前回減衰を強くしていくと振動が早く収まると書きました、ではどんどん減衰力を高くしていったらどうなるでしょう?

振動の収まり具合を初めから振動しなくなるまでの山の数で表してみましょう。 減衰なしの場合は収まらないので∞ですね。

減衰を上げていくと、100、50、10、5、2、1と、だんだん少なくなっていきます。 もっと上げたらどうなるでしょう?
もう振動しないでだらーんと0に近づいていきます。 もっと上げたらどうでしょう? だらーん具合が伸びていってゆーっくり0に近づいていき収束します。

もう振動しなくなったら振動を収めるっていうダンパーとしての仕事はできなくなっちゃいます、ですからダンパーとしての最大の減衰力は振動の収束までの山の数が0になる一番小さい減衰力になります。 つまり減衰力を上げていって山の数が減っていき、ついに山がなくなって振動じゃなくなる、その時の減衰力がダンパーとしての最大の減衰力になります。 この時の減衰力を臨界減衰係数っていいます、原子力の臨界と同じように振動の状態から振動しない状態へ状態が変化する減衰力が臨界減衰係数です。
臨界減衰係数は図にある式で計算されます、単位は減衰係数ですから(N/(m/s))です、そして質量とばね定数の関数です。
またここでkgとN/mを掛けるとなんで(Ns/m)だよっていう声がきこえますが、kgは力を重力加速度で割ったもの(kg=N/(m/s2))と置き換えるとなるほどとなると思います。

使っている減衰力がどれくらい強いかを表すのに臨界減衰係数に対する割合を使います、これを減衰比といいます。 たまに減衰係数の比率なので減衰係数比っていう人がいますが間違いです、正しくはシンプルに減衰比です。 まぁ気持ちは分かりますけどね。

臨界減衰係数はCc、減衰比は C/Cc と書くので通ぶった人は「シーバイシーシーをXXにしたらさー」とか言います、そういう人には「それってなんのこと?」って聞いてみましょう。

減衰比が1以上は振動しないのでダンパーというよりショックアブソーバー、エネルギー吸収器といった方がよくなります。 むかーし私の向かいに座っていた某ワークスラリーチームのエンジニアは減衰比は最低でも1以上に設定するって言ってましたがいくらジャンプとかの多いラリー車でもそれは固すぎでしょうと思いましたが世界チャンピオンには言えませんでした。

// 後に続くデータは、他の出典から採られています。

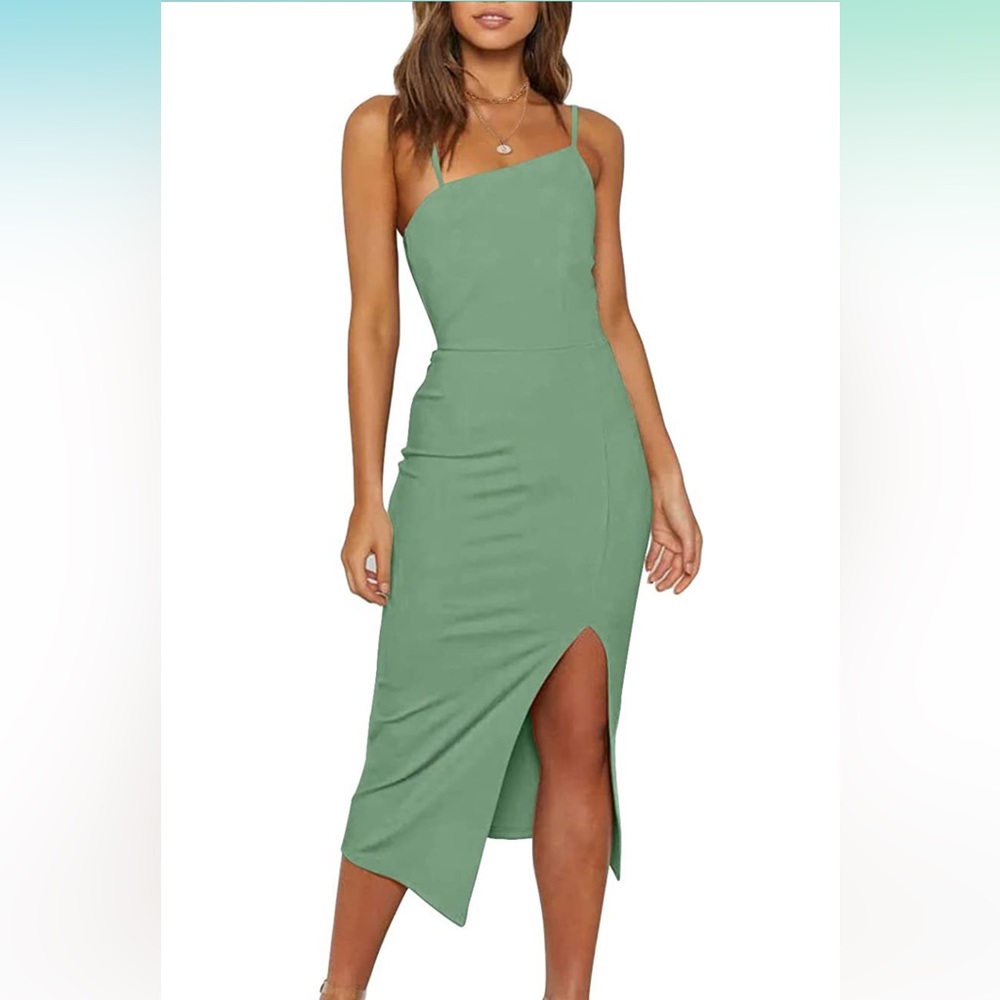 Sage Green Spaghetti Strap Dress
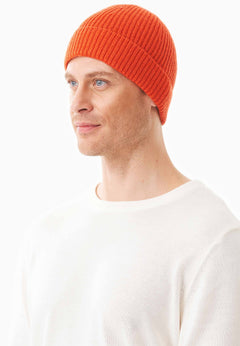 Ribbed Merino Wool Blend Beanie Saffron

じゃあ車のサスペンションの減衰比はいくつにすればいいの?って言われたら私は「0.5でいいんじゃない」って言ってます。 減衰比0.5でダンパー作ったらとりあえず無事に初走行は迎えられます。 ドライバーはいろいろ言うでしょうが走れないことはありません。 まったく白紙から車を作りダンパーの設定をする人は試してみてください。

そこから低速の減衰力を盛り上げてみたり、バンプとリバウンドの差をつけてみたりすればいいと思います。 オールドスクールの神がかりみたいなおじさんの勘と経験に対抗するには科学でしょ。 なぜ0.5か? それはいつかまた。

でもそれはふつーの車での話で、車にすごいダウンフォースがあり、そのおかげでばねが固くて、もうタイヤと同じくらい固くて、さらに前後重量配分が50/50からずいぶんずれてて、なんていう車、つまりはフォーミュラの速い方になってくると当てはまらなくなってきます。 タイヤも含めてのサスペンション、ピッチングをコントロールするための減衰力等の要素が入ってくるためです。